Not an NVIDIA-killer
Based on The Tech Report's testing, the Ryzen 5 2500U trounces the integrated graphics built into Intel's chips. In some cases, games go from being unplayable on the Intel-only system to playable on the AMD system. This isn't surprising -- Intel's integrated graphics have never been particularly good for gaming.
The Ryzen 5 chip represents "good enough" gaming performance. The problem is, for the same price, gamers can get a more powerful system with NVIDIA graphics. In all of the gaming tests, the system with the MX150 graphics chip handily beats the Ryzen system, sometimes by 50% or more in terms of average frame rate.

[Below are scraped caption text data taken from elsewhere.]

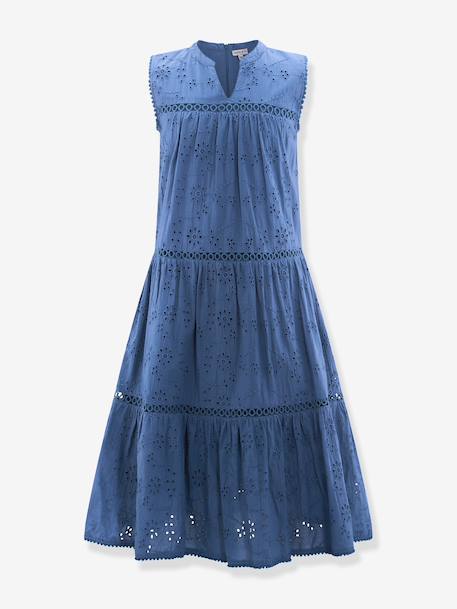 Summer dress with broderie anglaise by Happy Girls for girl denim blue 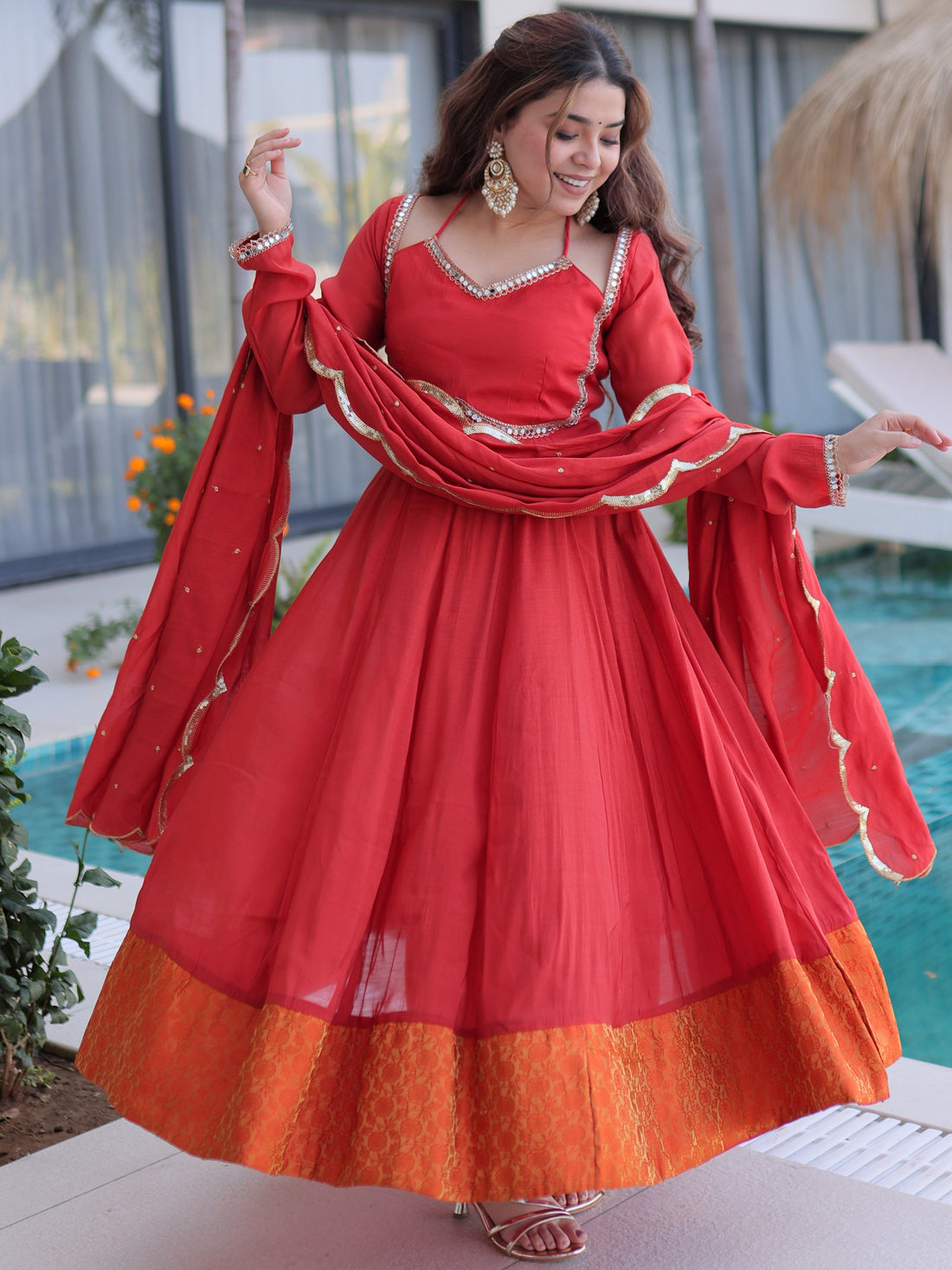Lovable Red Chanderi Wedding Wear Gown With Sequins Dupatta
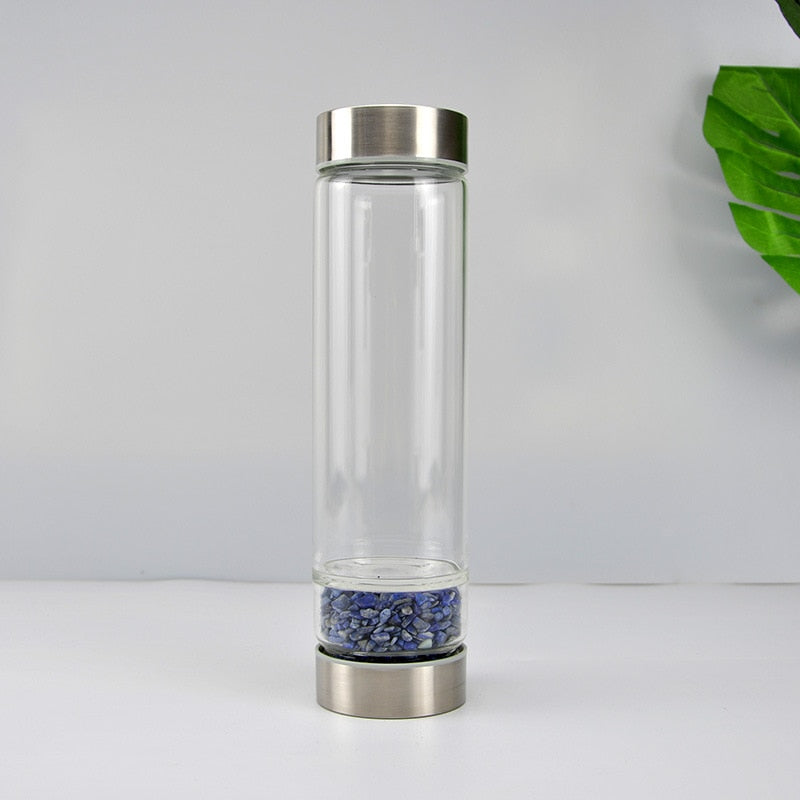 💎Traci K Beauty Gem Water Bottle- Spiritual Healing Water Bottle Crystal Quartz Energy Stone Gravel Spa Health Sport Healing Cup Portable Large Capacity Drink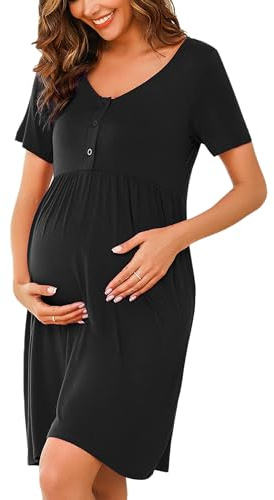 Bresdk Chemise de Nuit de Maternité à Boutons pour Femmes Vêtements de Nuit à Manches Courtes Hôpital d'allaitement, Bouton - Noir, L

It's not surprising that a discrete graphics chip beats the integrated graphics in the Ryzen system. But I'm not sure why someone interested in gaming on a laptop, given the choice between a Ryzen Mobile system and an Intel-NVIDIA system for roughly the same price, would opt for Ryzen Mobile.
The story may change as more Ryzen Mobile laptops become available. At a lower price, a system like the Envy x360 would offer a compelling, and cheaper, alternative to an Intel-NVIDIA system. All of the games tested were playable on the Ryzen system, and there's certainly a market for gaming laptops that provide just enough oomph to get the job done.
Beyond gaming, Ryzen Mobile lags Intel in terms of single-threaded performance. The same story played out with AMD's desktop Ryzen chips. Single-threaded performance is important for general responsiveness, app start-up times, and any case where multiple cores can't be fully utilized. In The Tech Report's tests involving web browsing, app start-up, and productivity software, the Ryzen 5 chip came in dead last. In the case of productivity software, it fell short of the Intel-based systems by a wide margin.
For those interested primarily in gaming, the single-threaded shortcomings may not matter. But as a general-purpose laptop, the Ryzen 5 system doesn't justify its price.
A tough road ahead
AMD isn't going to pick up much laptop market share if the pricing on all Ryzen laptops is similar to the Envy x360. For those not interested in gaming, an Intel laptop with integrated graphics offers better performance for everyday computing tasks. For gamers, a similarly priced laptop with discrete NVIDIA graphics offers substantially better gaming performance. I'm not sure where Ryzen 5 really fits in.
Cheaper Ryzen 5 laptops may be on the horizon, which could change the story. Lop $100 to $200 off, and a Ryzen 5 laptop makes a whole lot more sense as a gaming laptop, and it's much more competitive as a general-purpose laptop. But if prices end up in line with the Envy x360, Intel and NVIDIA probably don't have too much to worry about.